Through art in the past few decades, the prefix “de”‘ in “decolonisation” has launched programs of unlearning that diversify the interventions of the base word, “colony.” A term brimming with potency for many individuals as they travel and settle to cultivate the soil, extract resources for productivity, and amass power to sustain generational wealth. Now a vocabulary that can only emerge from it is that of refusal, resistance, restitution, and abolition. The concept of colonisation in German-speaking countries is still palpable in a number of sources beginning in their Prussian heritage and in the histories of internal colonisation administered under the rubric of Prussian identity.

How is the heritage of colonisation understood when it is rooted in deep history? For instance, when and how did expeditions for scientific knowledge and new-world solutions transition to violent, oppressive tasks? It is then imperative to study the transition of acts, intentions, and tasks. Among indigenous communities, the term “development” means erasure of culture and tradition, abuse of power instead of a transition to a collective well-being. German textbooks and media still present problematic and conservative portrayals of other cultures and colonial subjects. Despite a more sophisticated discourse around colonialism, it remains deeply rooted in colonial values and materials. These manifestations are often not acknowledged as issues that require various approaches and scales of counteraction.  Unsurprisingly, this condition merges with other contemporary issues, making colonialism a present-day, multi-layered, transhistorical and translocal problem. Until today, former colonising states still grapple to find a language for colonisation and decoloniality as subjects, conditions, and obligation to be discussed and confronted by the state and its ordinary citizenry, by older and future generations, and in policy and reality. New transitions must be invented.


A COLLECTIVE IN TRANSITION
German colonialism, often viewed as less entrenched than other European powers, was seen as annexationist or moderate. The ideology had a utilitarian focus, expanding agriculture and trade to suppress socialist unrest after the 1870 depression. Rooted in liberal ideas, practices like emigrationist colonialism shaped the German perception of colonisation as ethically necessary.

Emigration and economic motives drove German colonial ideologies, gaining popularity among the middle class. This led to the institutionalisation of colonialism.

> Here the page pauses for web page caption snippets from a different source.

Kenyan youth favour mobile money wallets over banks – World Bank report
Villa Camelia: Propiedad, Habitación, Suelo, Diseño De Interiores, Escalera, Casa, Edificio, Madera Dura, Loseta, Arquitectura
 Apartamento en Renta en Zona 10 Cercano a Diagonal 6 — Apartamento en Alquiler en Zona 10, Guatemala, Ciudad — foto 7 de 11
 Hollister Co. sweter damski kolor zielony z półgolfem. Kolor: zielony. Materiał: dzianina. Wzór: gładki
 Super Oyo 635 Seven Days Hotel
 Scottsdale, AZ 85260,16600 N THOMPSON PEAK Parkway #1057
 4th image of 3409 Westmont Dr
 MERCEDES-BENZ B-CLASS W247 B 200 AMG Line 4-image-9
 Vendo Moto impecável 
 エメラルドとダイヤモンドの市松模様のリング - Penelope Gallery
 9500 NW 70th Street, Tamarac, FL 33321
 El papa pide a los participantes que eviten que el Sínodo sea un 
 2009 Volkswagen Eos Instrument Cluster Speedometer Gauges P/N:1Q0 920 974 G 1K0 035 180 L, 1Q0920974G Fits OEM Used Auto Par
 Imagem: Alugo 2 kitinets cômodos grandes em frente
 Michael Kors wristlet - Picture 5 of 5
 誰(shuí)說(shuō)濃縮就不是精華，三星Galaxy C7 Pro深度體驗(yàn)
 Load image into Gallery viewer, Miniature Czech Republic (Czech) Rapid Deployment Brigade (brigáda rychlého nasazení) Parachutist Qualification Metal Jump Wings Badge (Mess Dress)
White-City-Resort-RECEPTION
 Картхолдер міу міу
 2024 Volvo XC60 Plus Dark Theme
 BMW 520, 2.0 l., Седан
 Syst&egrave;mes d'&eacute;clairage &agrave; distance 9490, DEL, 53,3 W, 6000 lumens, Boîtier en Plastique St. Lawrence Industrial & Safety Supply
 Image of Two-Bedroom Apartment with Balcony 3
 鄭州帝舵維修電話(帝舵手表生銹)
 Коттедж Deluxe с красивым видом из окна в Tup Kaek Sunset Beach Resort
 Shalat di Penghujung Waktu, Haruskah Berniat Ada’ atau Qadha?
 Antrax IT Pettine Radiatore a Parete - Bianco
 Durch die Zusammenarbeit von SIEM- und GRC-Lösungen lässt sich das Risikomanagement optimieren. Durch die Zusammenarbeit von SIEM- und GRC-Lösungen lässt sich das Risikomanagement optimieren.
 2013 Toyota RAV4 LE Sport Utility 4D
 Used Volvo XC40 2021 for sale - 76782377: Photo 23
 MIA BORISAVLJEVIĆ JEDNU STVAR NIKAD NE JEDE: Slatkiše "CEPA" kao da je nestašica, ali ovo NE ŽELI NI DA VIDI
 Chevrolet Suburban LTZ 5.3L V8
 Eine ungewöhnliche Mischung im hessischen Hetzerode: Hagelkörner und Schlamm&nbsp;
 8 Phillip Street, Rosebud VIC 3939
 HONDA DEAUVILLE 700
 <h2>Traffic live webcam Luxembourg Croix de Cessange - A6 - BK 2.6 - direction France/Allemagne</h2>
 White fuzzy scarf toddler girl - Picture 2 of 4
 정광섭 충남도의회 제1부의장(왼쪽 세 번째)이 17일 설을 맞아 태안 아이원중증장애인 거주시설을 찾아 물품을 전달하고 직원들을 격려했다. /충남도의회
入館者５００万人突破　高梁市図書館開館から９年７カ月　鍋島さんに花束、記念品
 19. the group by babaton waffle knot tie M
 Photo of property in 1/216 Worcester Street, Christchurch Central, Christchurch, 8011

This history is mostly overlooked in discussions of reparation, restitution, justice and apology. To truly establish decolonisation in German society, there must be a shift from theory to a tangible movement and organisation.

The current German discursive architecture limits the study of the evolution of these colonial ideologies to national and international policies covering topics such as migration, climate change, labour or even war and other conflicts. Some specialists have established the link between these ideologies to the German imperial project later on, but this connection remains undervalued in mainstream discussion. Rare scholarly ventures compare the network of ideas and action implemented in German territories in Africa and Oceania with the settlement of Germans in Central-Eastern Europe and in America.There is a huge gap in discussions of colonisation and decolonisation.

In these chasms, SAVVY Contemporary’s experiments continue the process of “permanent translation” of colonisation as a practice and concept that coexists in the daily fabric of Germany and in the long arc of German colonial ideology. By translating the quotidian dynamics of colonial thought and in effect, deliberating its “non-translation” as a legitimate progress of history, the overall program called Transitions pays attention to segments, holes, fragments, and patterns of colonial ideology, action, fantasy and afterlife within the waves of pressing contemporary issues that local and global Germans experience as well as the communities that constitute German civil society.